Man hat dem Ozon auch viele gute Eigenschaften in hygieinischem Sinne nachgerühmt; in der That reinigt es die Luft, in dem bei seiner Gegenwart viele üble Gerüche, die von der Zersetzung herrühren, verschwinden. Die physiologische Wirkung des Ozons ist jedoch noch nicht genügend erforscht. Wird es künstlich dargestellt und in größeren Mengen eingeathmet, so reizt es die Schleimhäute. Man hat auch dem Ozon bakterientödtende Eigenschaften zugeschrieben. Versuche, die von russischen Aerzten angestellt wurden, haben jedoch ergeben, daß diese Eigenschaft eine recht schwache ist und die meisten Bakterien dem Ozon trotzen. Die Zimmerluft kann man mit Ozon von diesen Feinden vollends gar nicht reinigen, denn die auch dann noch schwache Wirkung tritt erst ein, wenn der Prozentgehalt der Luft an Ozon so stark wird, daß in den betreffenden Räumen die Menschen nicht athmen könnten. Der Nutzen der „Ozonwässer“ ist somit ein eingebildeter; überhaupt ist es erwiesen, daß in keinem einzigen der so viel angepriesenen Wässer Ozon vorhanden war, so daß man annehmen muß, daß Ozonwasser, selbst wenn es hergestellt wird, nicht haltbar sei.

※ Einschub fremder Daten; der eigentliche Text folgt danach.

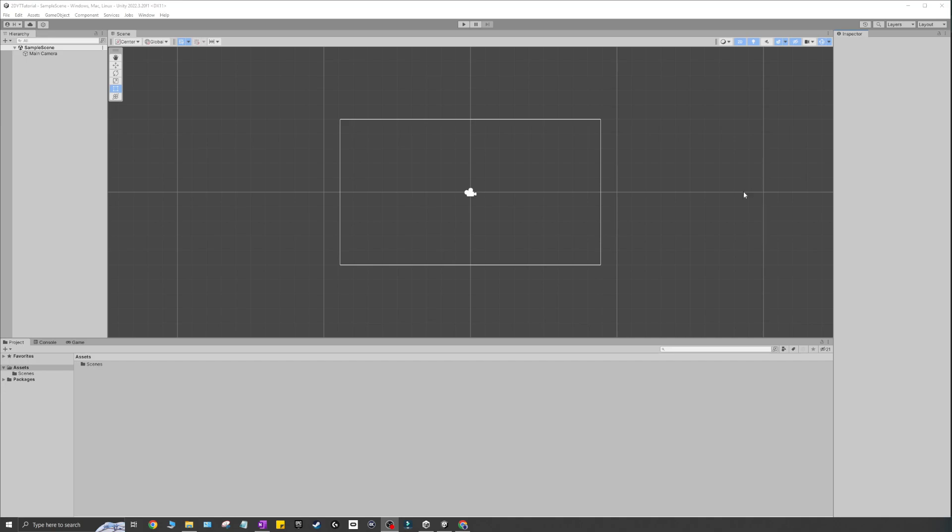But once you're in, it should look like this. You have your tabs, you have your windows, you have all kinds of stuff here looking great. And we'll go through all of this in the next video.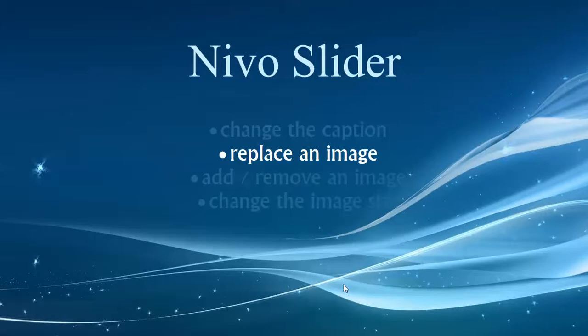Hi folks, welcome back to our video tutorials working with the Nevo slider. In this video I'll demonstrate how to replace an image that's already in the slider.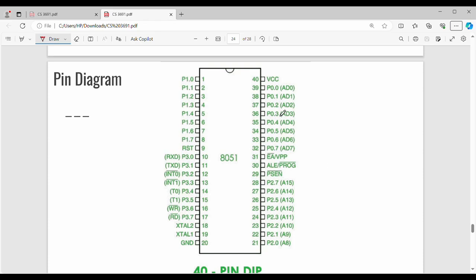Next, we will see a pin diagram of the 8051. There is a general pin diagram of the 8051. Pin number 1 will be 20 and pin 21 will be 40. So in the 8051, there are 60 pins total, and there is an explanation for each pin.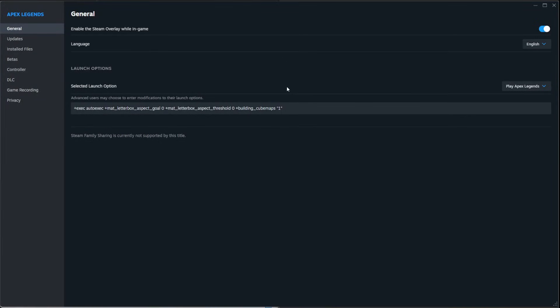This launch option is mainly there to remove the black bars that normally come with trying to apply the 4:3 or 5:4 resolution in Apex.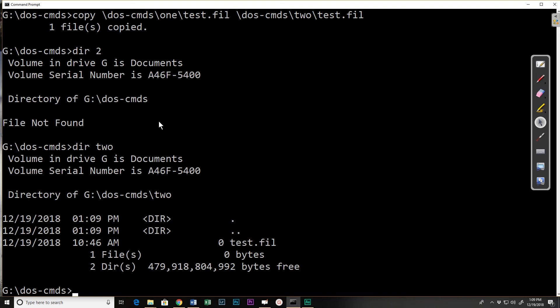So that's the basic copy command. In the next video we'll look at using wildcard characters to do copies.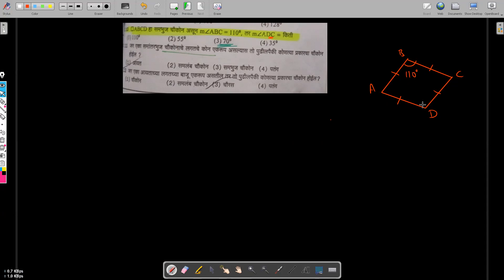The opposite angles of a rhombus are congruent. Since angle ABC and angle ADC are opposite angles, angle ADC is also equal to 110 degrees. So option one, one hundred and ten degrees, is correct. Now let's go to another question.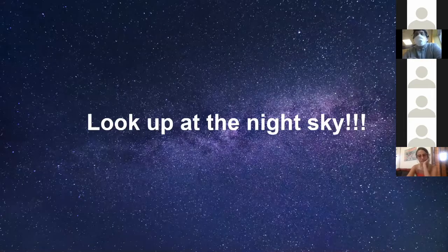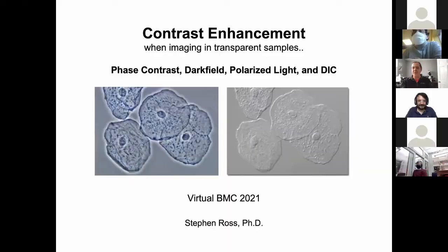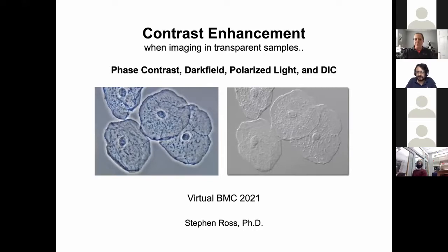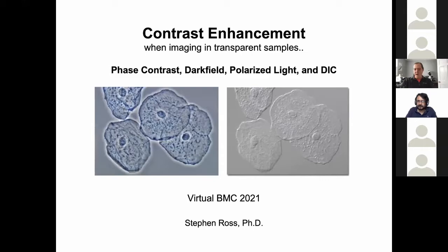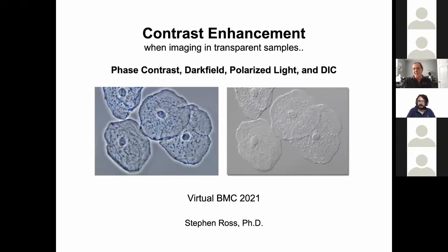The second speaker introduces the next topic: building on the foundation just presented about how a microscope works and forms an image, the next step is to talk about contrast enhancement, which is critical for visualizing things in samples that often have very little natural contrast. Shown here are a phase contrast image and a differential interference contrast image.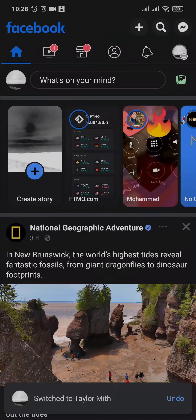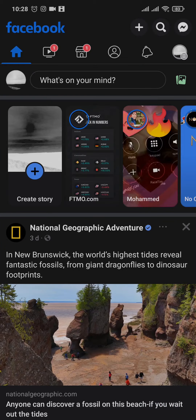How to hide your friends on Facebook. Hey everyone, welcome back to a new video on this channel. If you don't want other people to see the friends that you have on your Facebook, let me show you the quick process of hiding it from other people. It's gonna be real quick and easy, so let's jump right in.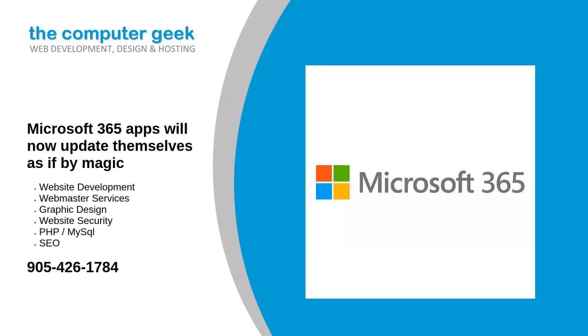Microsoft 365 apps will now update themselves as if by magic. Microsoft has announced an update for its suite of office and productivity software that will help IT departments ensure applications are always up to date.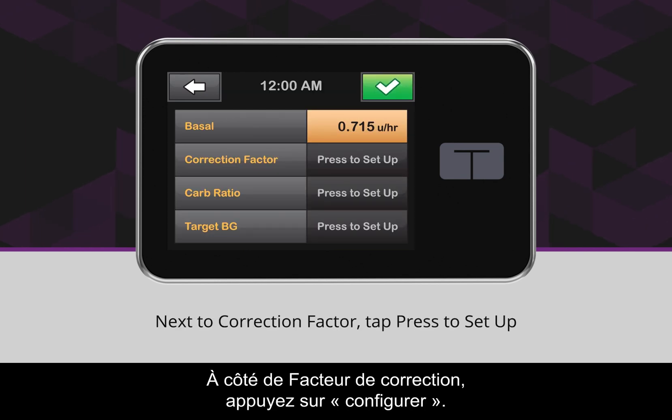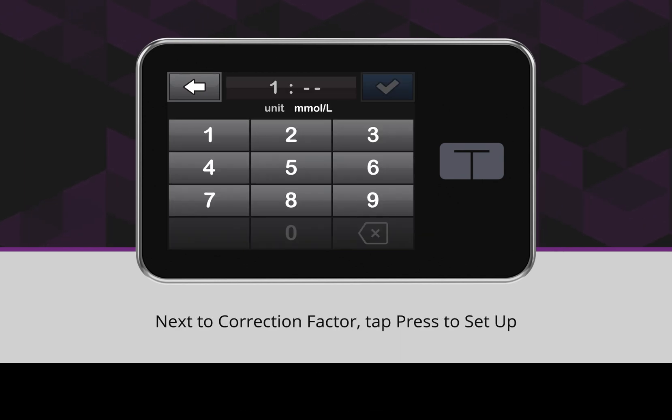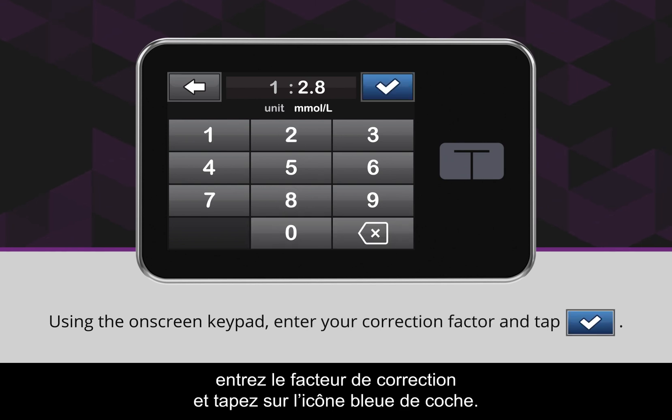Next to Correction Factor, tap Press to Set Up. Using the on-screen keypad, enter your correction factor and tap the blue checkmark icon.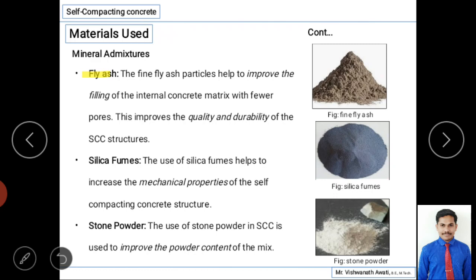Fly ash is another mineral admixture — a by-product obtained from burning coal as fuel in thermal power plants. After burning, ash is produced which has binding characteristics similar to cement. Fine fly ash particles help to improve the filling ability of the internal concrete matrix, and also improve the quality and durability of self-compacting concrete structures.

Goldbeschlagene Streitrosse. Orientalische Fürsten und europäische Verschwender haben schon manchmal ihre Pferde mit „goldenen Hufeisen“ beschlagen lassen. Die Weltgeschichte kennt aber auch einen Fall, wo eine ganze Schwadron goldbeschlagene Streitrosse ritt. Das hat sich im Goldlande Peru im Jahre 1533 ereignet. Francisco Pizarro hielt in Caxamarca den Inka gefangen, sein Bruder Hernando stand in dem berühmten Tempelorte Patschakamak, wo er den düsteren Tempel des Orakelgötzen nach Gold durchstöberte. Da erhielt er die Nachricht, daß der indianische Häuptling Tschalkutschima an der Spitze von 30 000 Mann einen Aufstand plane. Der mutige Hernando wollte ihm zuvorkommen und brach am letzten Februar nach Chaucha auf. Es war ein furchtbarer Marsch über einen steilen Gebirgszug. Auf dem mit spitzen Gestein besäeten Saumpfade verloren alle Pferde ihre Hufeisen und traten sich die Hufe so wund, daß die Reiter absitzen mußten. Man hatte kein Eisen, um die Rosse wieder zu beschlagen. Da sahen sich die Krieger gezwungen, von peruanischen Schmieden Hufbeschläge aus Silber und Gold anfertigen zu lassen, und nun überwand die Schwadron die schneebedeckten Pässe. Die Geschichtschreiber von Peru erzählen, daß diese theueren Beschläge sich ganz gut bewährt und länger ausgedauert hätten als eiserne. Der Marsch brachte übrigens Hernando und seinen Kriegern einen glänzenden Ersatz für die goldenen Hufeisen; denn Tschalkutschima wagte nicht, Widerstand zu leisten, und lieferte den Spaniern dreißig Lasten Gold und vierzig Lasten Silber aus.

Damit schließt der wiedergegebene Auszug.